- Records:
------------------------

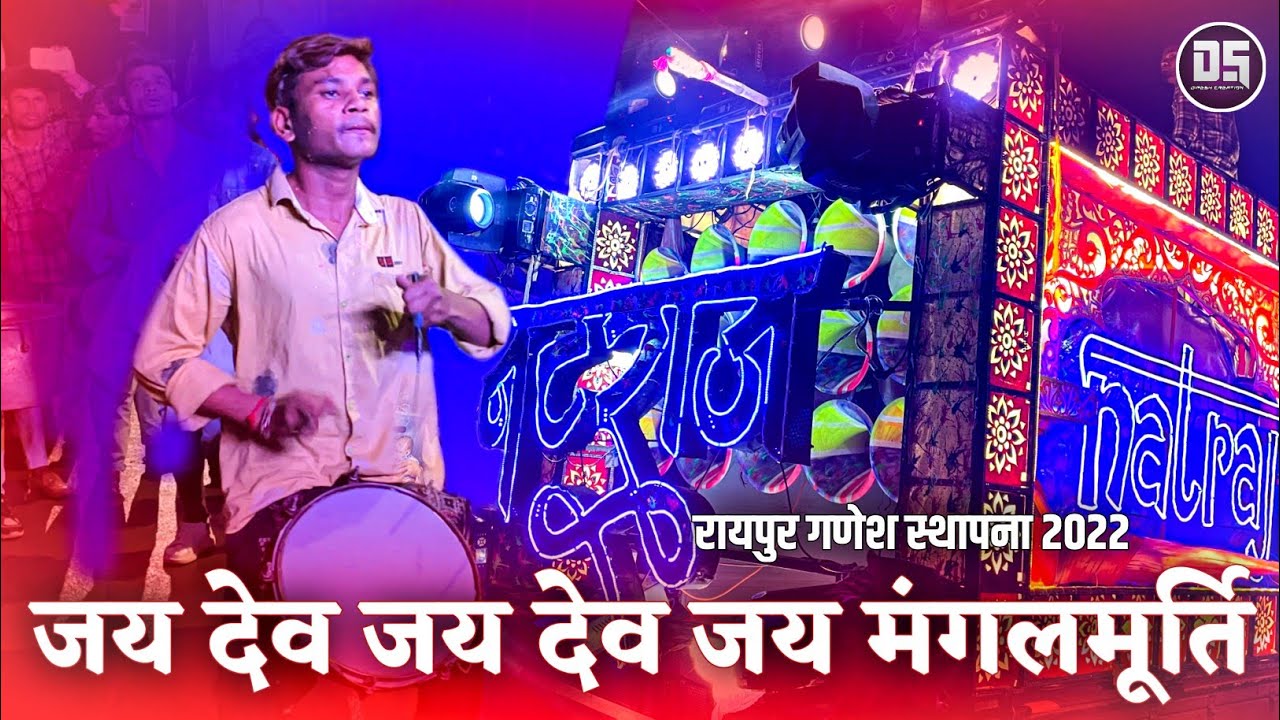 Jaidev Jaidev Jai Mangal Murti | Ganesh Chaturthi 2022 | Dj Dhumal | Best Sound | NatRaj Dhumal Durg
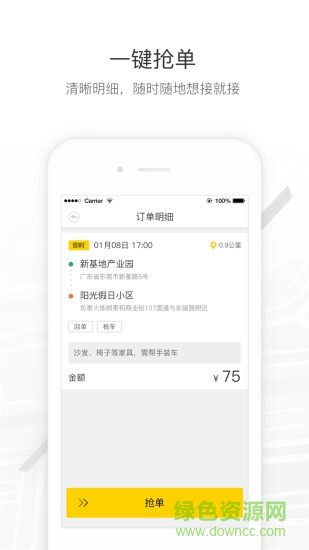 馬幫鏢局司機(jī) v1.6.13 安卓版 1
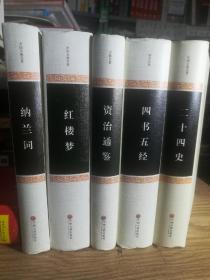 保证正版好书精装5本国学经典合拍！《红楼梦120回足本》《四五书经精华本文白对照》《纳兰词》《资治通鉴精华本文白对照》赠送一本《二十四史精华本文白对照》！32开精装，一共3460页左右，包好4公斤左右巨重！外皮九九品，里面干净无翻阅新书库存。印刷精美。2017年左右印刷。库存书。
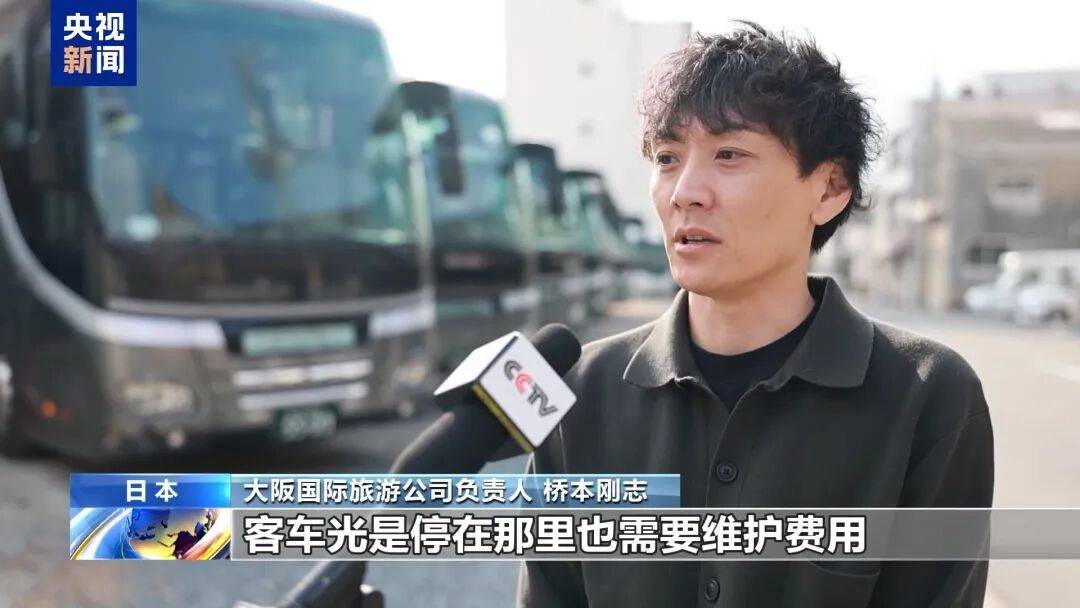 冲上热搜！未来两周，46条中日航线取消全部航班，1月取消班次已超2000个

------------------------

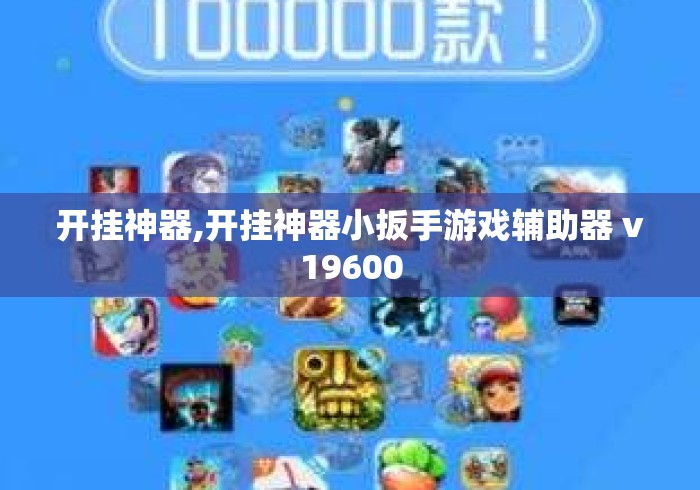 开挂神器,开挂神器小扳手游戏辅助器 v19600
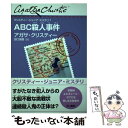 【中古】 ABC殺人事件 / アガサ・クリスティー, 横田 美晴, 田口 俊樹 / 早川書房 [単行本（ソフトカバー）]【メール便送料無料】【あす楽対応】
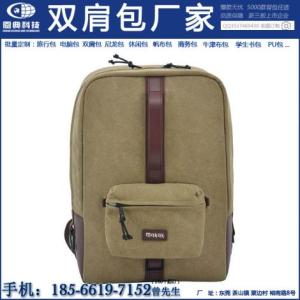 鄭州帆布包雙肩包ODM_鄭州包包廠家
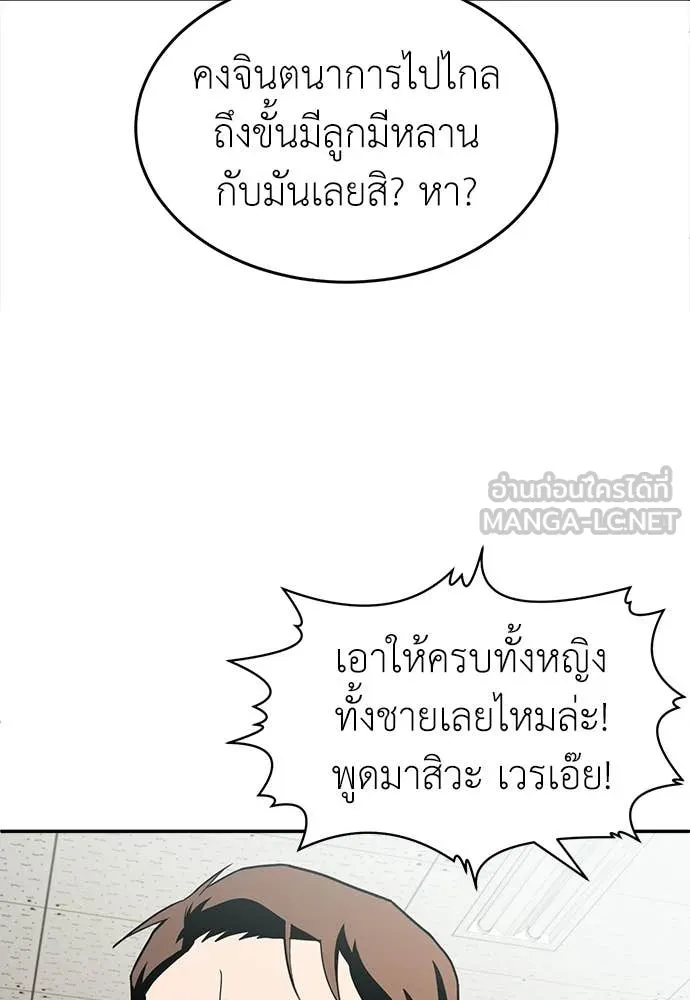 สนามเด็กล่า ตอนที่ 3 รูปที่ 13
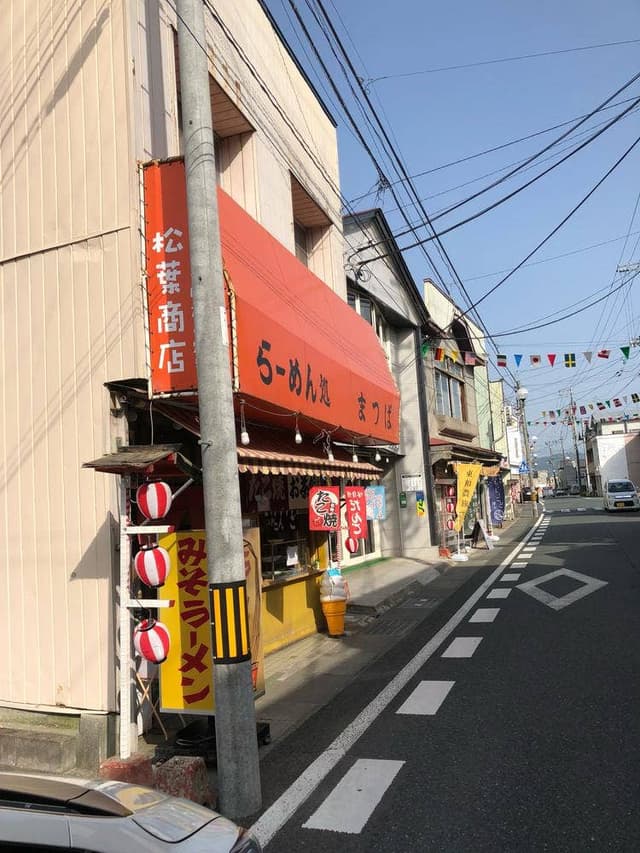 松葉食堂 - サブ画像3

------------------------

- Problem to solve:
Repeat only the stretch of data above that runs from the line with "馬幫鏢局司機(jī) v1.6.13 安卓版 1" to the line with "冲上热搜！未来两周，46条中日航线取消全部航班，1月取消班次已超2000个". Keep both end lines; exclude pictures.

- Result of this task:
 馬幫鏢局司機(jī) v1.6.13 安卓版 1
 保证正版好书精装5本国学经典合拍！《红楼梦120回足本》《四五书经精华本文白对照》《纳兰词》《资治通鉴精华本文白对照》赠送一本《二十四史精华本文白对照》！32开精装，一共3460页左右，包好4公斤左右巨重！外皮九九品，里面干净无翻阅新书库存。印刷精美。2017年左右印刷。库存书。
 冲上热搜！未来两周，46条中日航线取消全部航班，1月取消班次已超2000个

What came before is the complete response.